= Yang Stamp Catalogue =

Yang's catalogue is one of the three stamp catalogues published by Yang's Philatelic Trading Co. Hong Kong:
Yang's Postage Stamps and Postal History Catalogue of Hong Kong Ming Yang, Tak Yang (25th ed 2018)
Yang's Postage Stamp Catalogue of The People's Republic of China (Liberated Area) Nai-Chiang Yang, 1998, 7th edition
Yang's Postage Stamp Catalogue of the People's Republic of China Part II Nai-Chiang Yang (15th ed 2009)

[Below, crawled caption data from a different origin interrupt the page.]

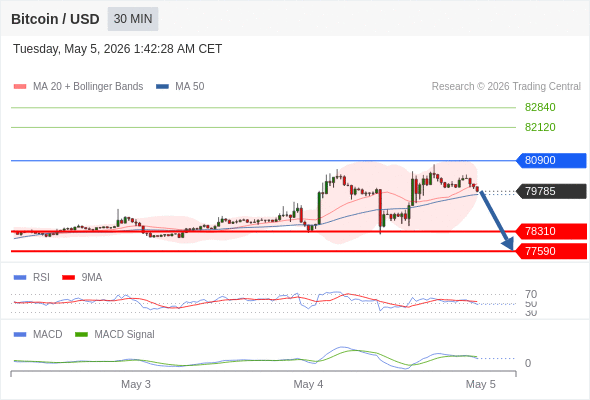 Analyst Views Chart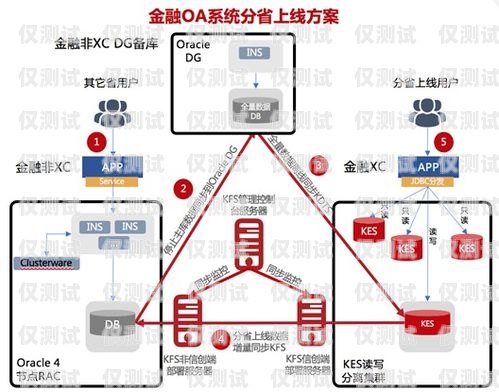 珠海人工外呼系統費用高嗎？珠海人工外呼系統費用高嗎現在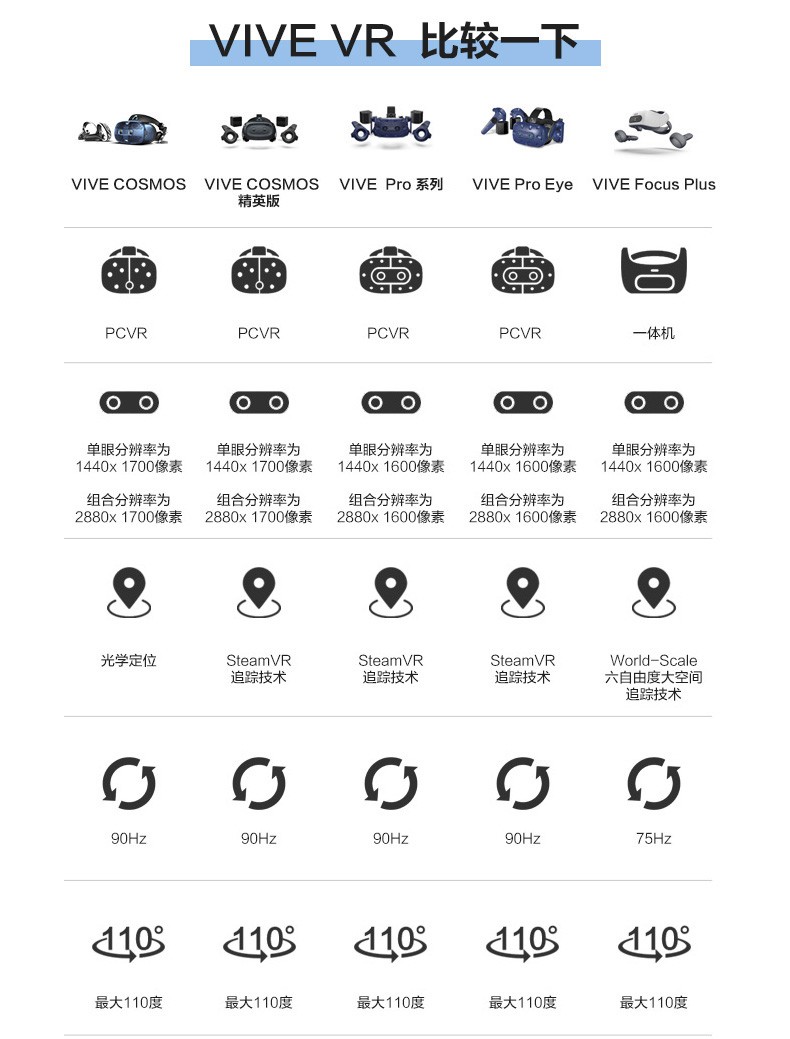 HTC VIVE PRO 2.0 Headworn Device Connection Cable COSMOS Three in One Connection Cable Original Accessories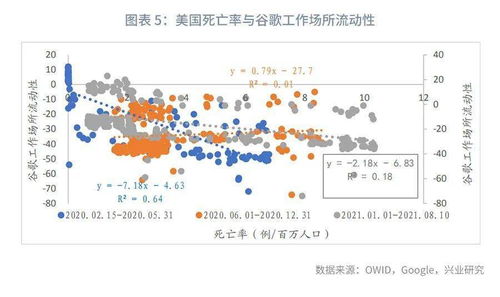 全球疫情与我国出口 正在发生的变化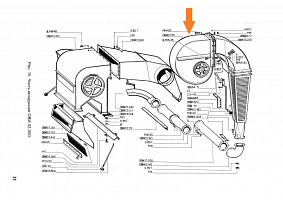 Вентилятор ОВИ 03.110: купить в Ростове-на-Дону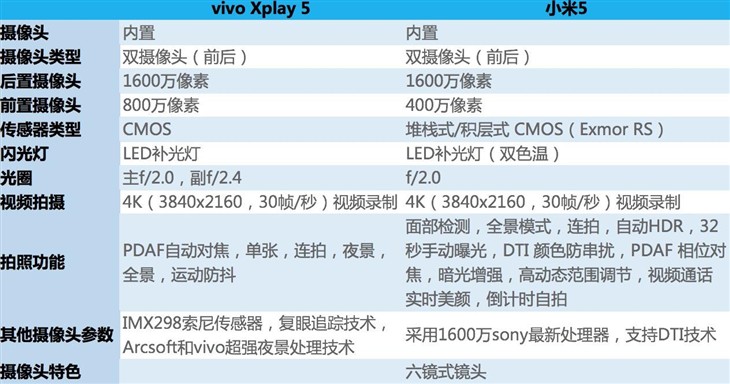 拍照也是大强项 vivo Xplay 5拍照体验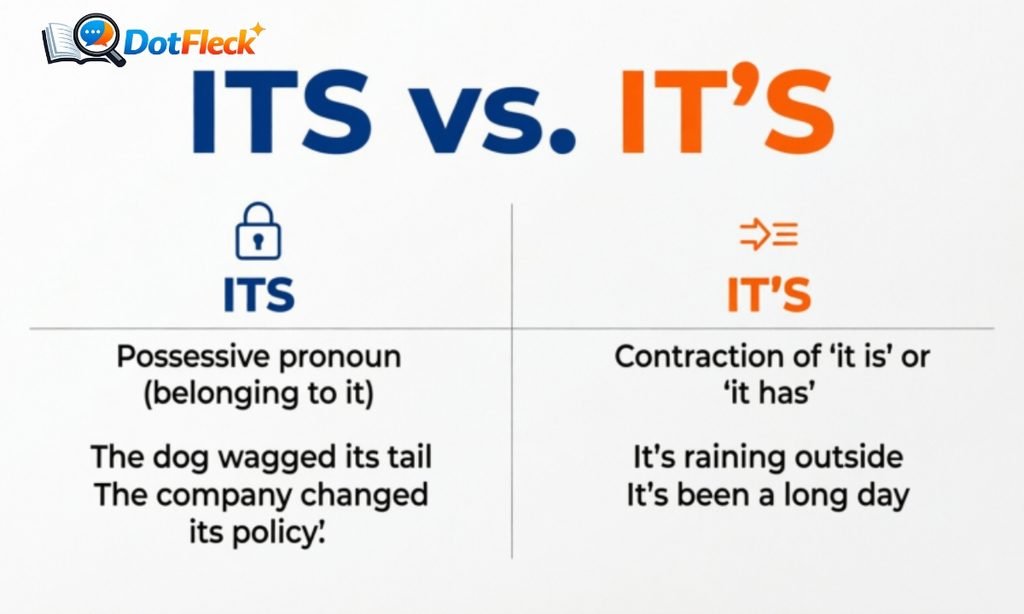 Quick Comparison Table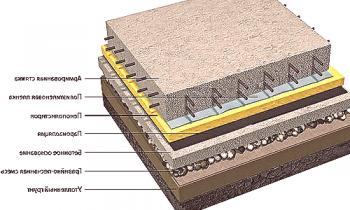 Бетонови подове с подсилен горен слой (армиране на бетон)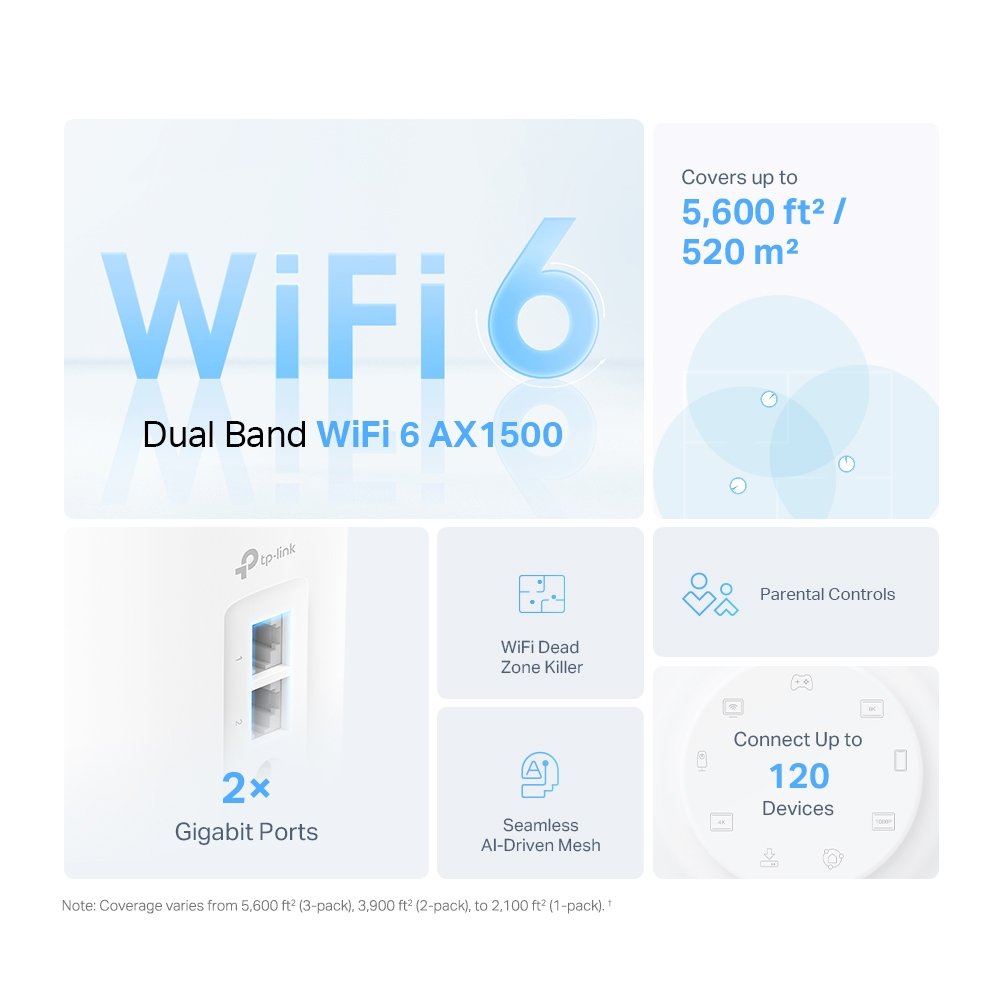 Punto de Acceso Interior MESH WIFI 6 TP-LINK DECO X10 Pack 3u AX1500 1201Mbps en 5GHz + 300Mbps en 2.4GHz 4 Antenas 2P GIGA — vista detalle 1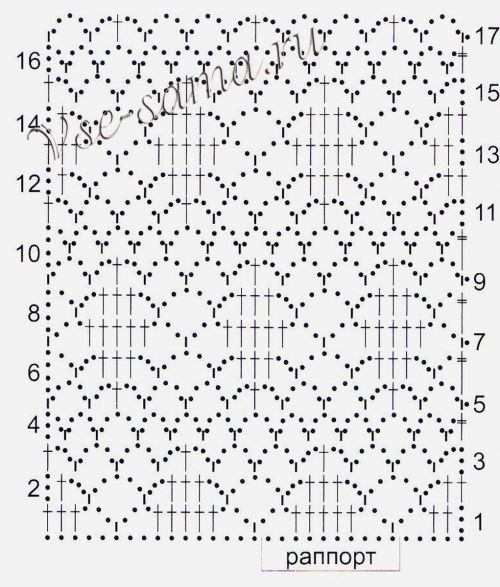Схема вязания узора 12 крючком Схема вязания узора 12 крючком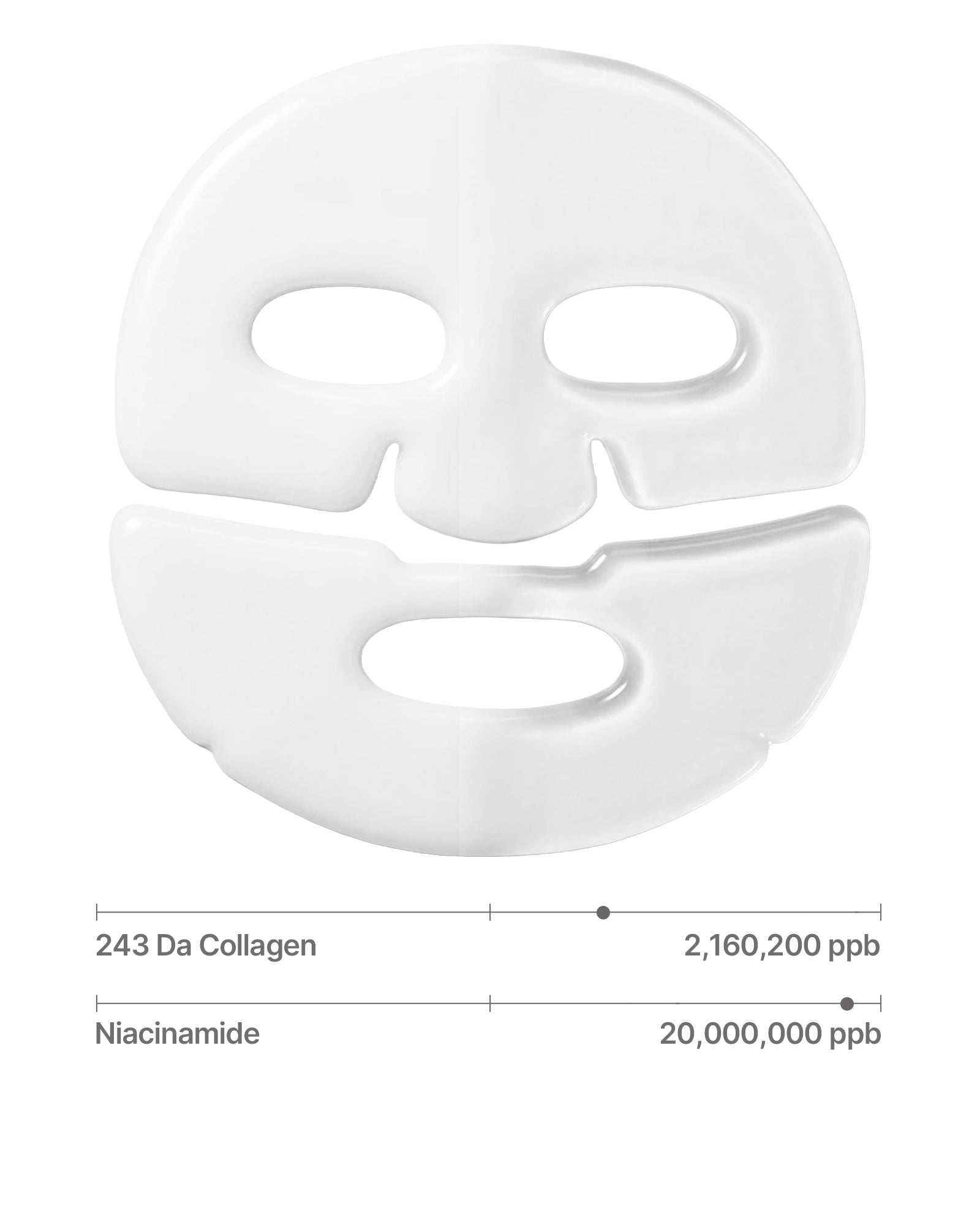 Deep Collagen Power Boosting Mask 17ea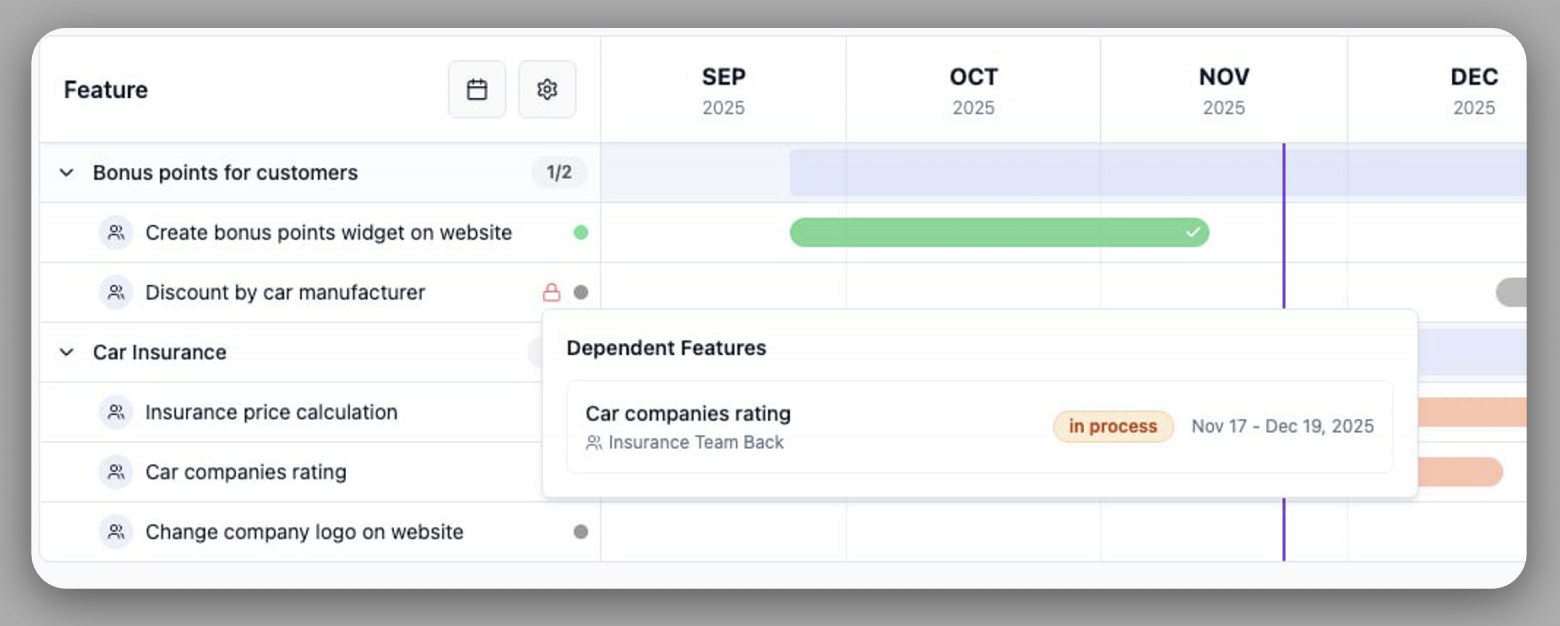 Работа с зависимостями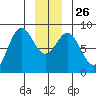 Palma Bay tide chart for Friday, December 26, 2025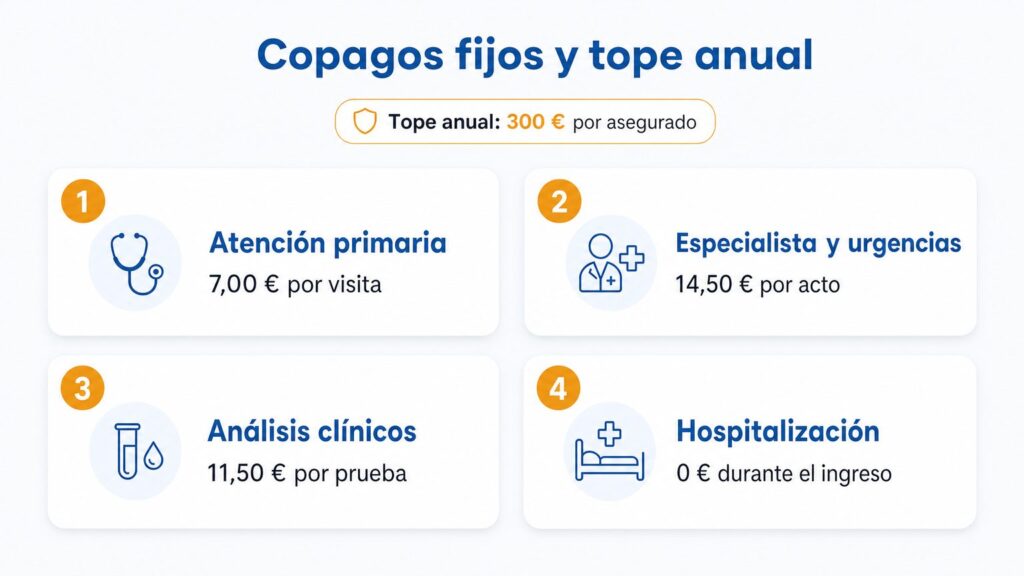 Resumen de copagos: medicina general 7 €, especialista y urgencias 14,50 €, análisis clínicos 11,50 € y hospitalización 0 €; límite anual de 300 € por asegurado.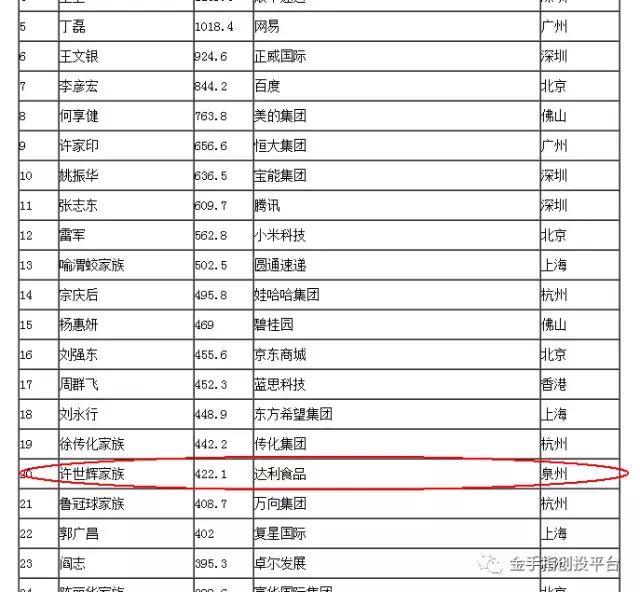 只服他！把品牌做到家喻户晓！公司市值达到422亿！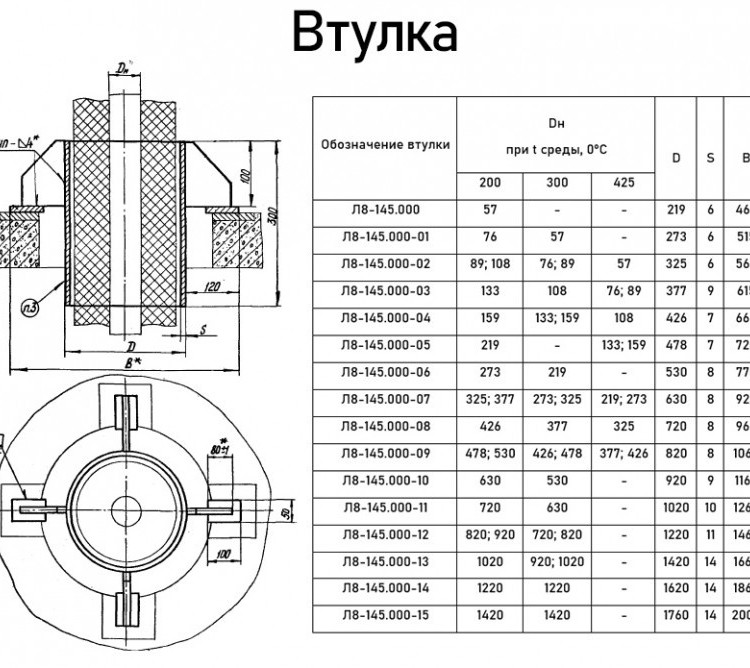 Втулка Л8-145.000-01 для прохода через перекрытие 2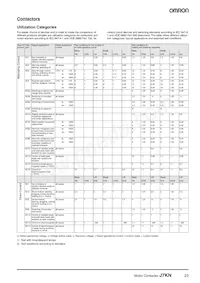 J7KN-10D-01 48 Datasheet Page 23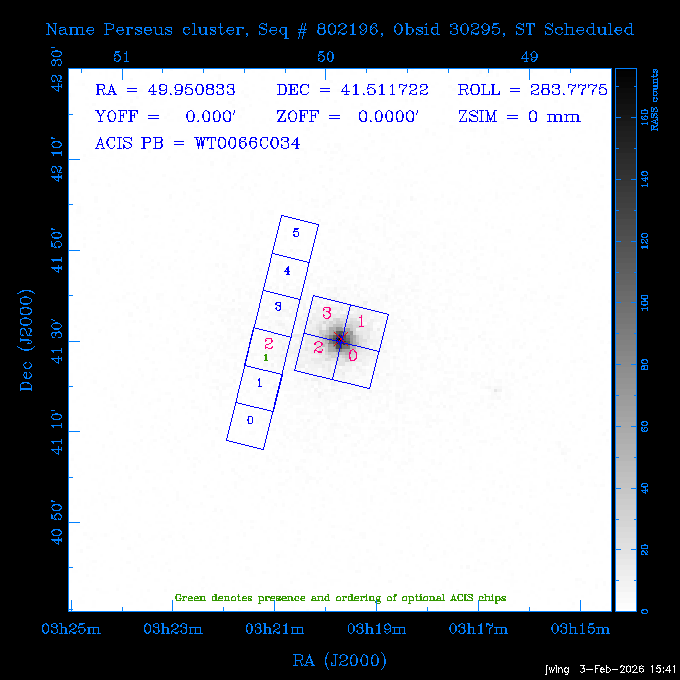 The instrument field-of-view on top of the RASS image of the source.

To correlate Wang catalog numbers and Scott catalogue numbers for Hong Kong consult Hong Kong Scott-Yang Catalog Correlation by Ralph Weil with Michael Rogers. 2006, second edition. To correlate Wang catalog numbers and Scott catalog numbers for the People's Republic of China consult Scott-Yang/Yang-Scott Catalog Correlation of the People's Republic of China (Liberated and Unified Areas) edited by Ralph Weil with Michael Rogers. 2006, Softbound, second edition. To correlate Wang catalog numbers and Scott catalog numbers for the Macau consult Macau Scott-Yang/Yang-Scott Catalog Correlation by Ralph Weil with Michael Rogers. 2006, second edition.

Although the Liberated Area (Communist local issues from 1930-1950) catalogue is now quite old, it is still considered the best existing catalogue of this specialised area.